Vu la procédure suivante :
Procédure contentieuse antérieure :
Mme A... B... a demandé au Tribunal administratif de Montreuil d'annuler l'arrêté du 19 janvier 2023 par lequel le préfet de Seine-Saint-Denis l'a obligée à quitter le territoire français sans délai, a fixé le pays à destination duquel elle est susceptible d'être éloignée et lui a interdit de retourner sur le territoire français pendant une période de douze mois.
Par un jugement n° 2301422 du 2 juin 2023, le Tribunal administratif de Montreuil a annulé cet arrêté en date du 19 janvier 2023, a enjoint au préfet de Seine-Saint-Denis de délivrer sans délai une autorisation provisoire de séjour à Mme B..., de réexaminer, dans le délai de trois mois à compter de la notification de la présente décision, son droit au séjour et de procéder à l'effacement de son signalement aux fins de non-admission dans le système d'information Schengen, dans le délai de trois mois à compter de la notification du jugement, et a mis à la charge de l'Etat la somme de 1 000 euros au titre de l'article L. 761-1 du code de justice et a rejeté le surplus des conclusions de la requête.
Procédure devant la Cour :
I. Par une requête enregistrée le 20 juin 2023 sous le n° 23PA02705, le préfet de Seine-Saint-Denis demande à la Cour :
1°) d'annuler ce jugement du 2 juin 2023 du Tribunal administratif de Montreuil ;
2°) de rejeter la demande présentée par Mme B... devant ce tribunal.
Il soutient que :
- la demande d'asile de Mme B... enregistrée au cours de sa rétention administrative présentait un caractère dilatoire ;
- le droit d'être entendu et le caractère contradictoire de la procédure n'ont pas été méconnus ;
- Mme B... ne justifie d'aucune circonstance de nature à faire obstacle aux mesures prises à son encontre.
La requête a été communiquée à Mme B... qui n'a pas produit de mémoire en défense.
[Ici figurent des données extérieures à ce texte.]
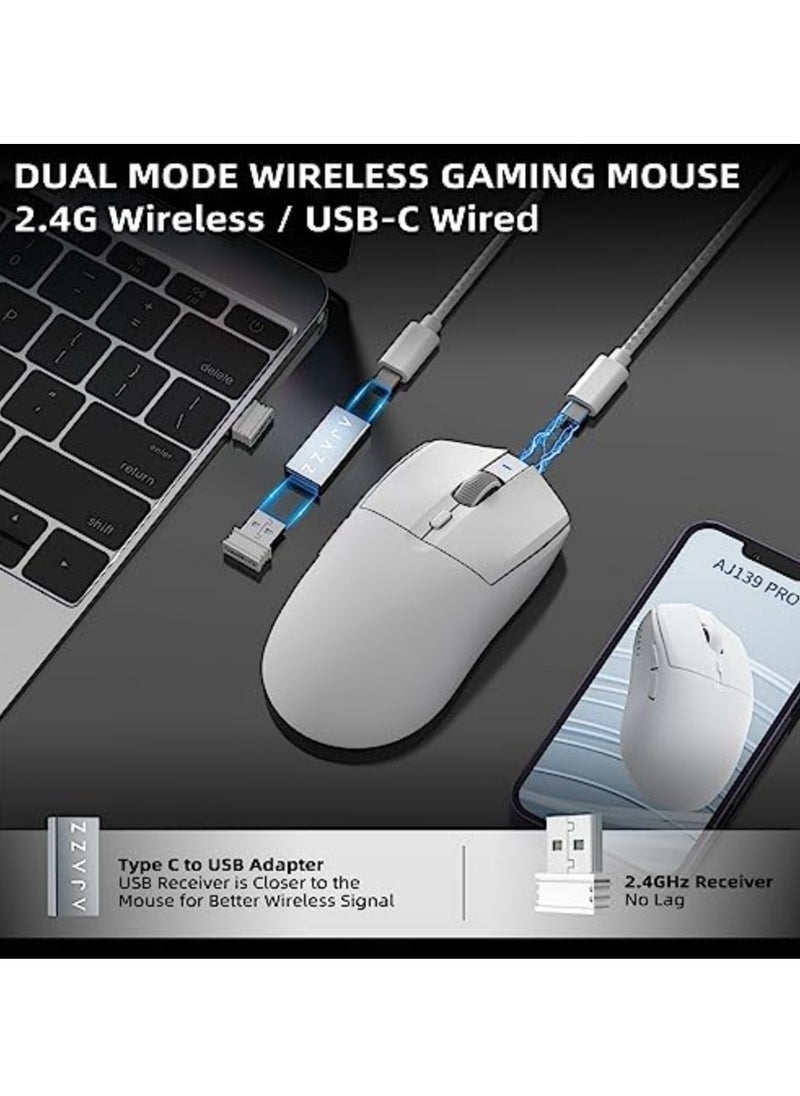 Ajazz Wireless Gaming Mouse, Wired/2.4G Dual Mode, up to 26000DPI, Ultra-Lightweight 59G, 6 Programmable Buttons, Long Battery Life  - Image 4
Par une ordonnance du 4 octobre 2023, la clôture de l'instruction a été fixée au 26 octobre 2023.
II. Par une requête enregistrée le 20 juin 2023 sous le n° 23PA02711, le préfet de Seine-Saint-Denis demande à la Cour de suspendre l'exécution de ce jugement du 2 juin 2023 du Tribunal administratif de Montreuil.
La requête a été communiquée à Mme B... qui n'a pas produit de mémoire en défense.
Par une ordonnance du 4 octobre 2023, la clôture de l'instruction a été fixée au 26 octobre 2023.
Vu les autres pièces des dossiers.
Vu :
- le code de l'entrée et du séjour des étrangers et du droit d'asile ;
- le code de justice administrative.
La présidente de la formation de jugement a dispensé le rapporteur public, sur sa proposition, de prononcer des conclusions à l'audience.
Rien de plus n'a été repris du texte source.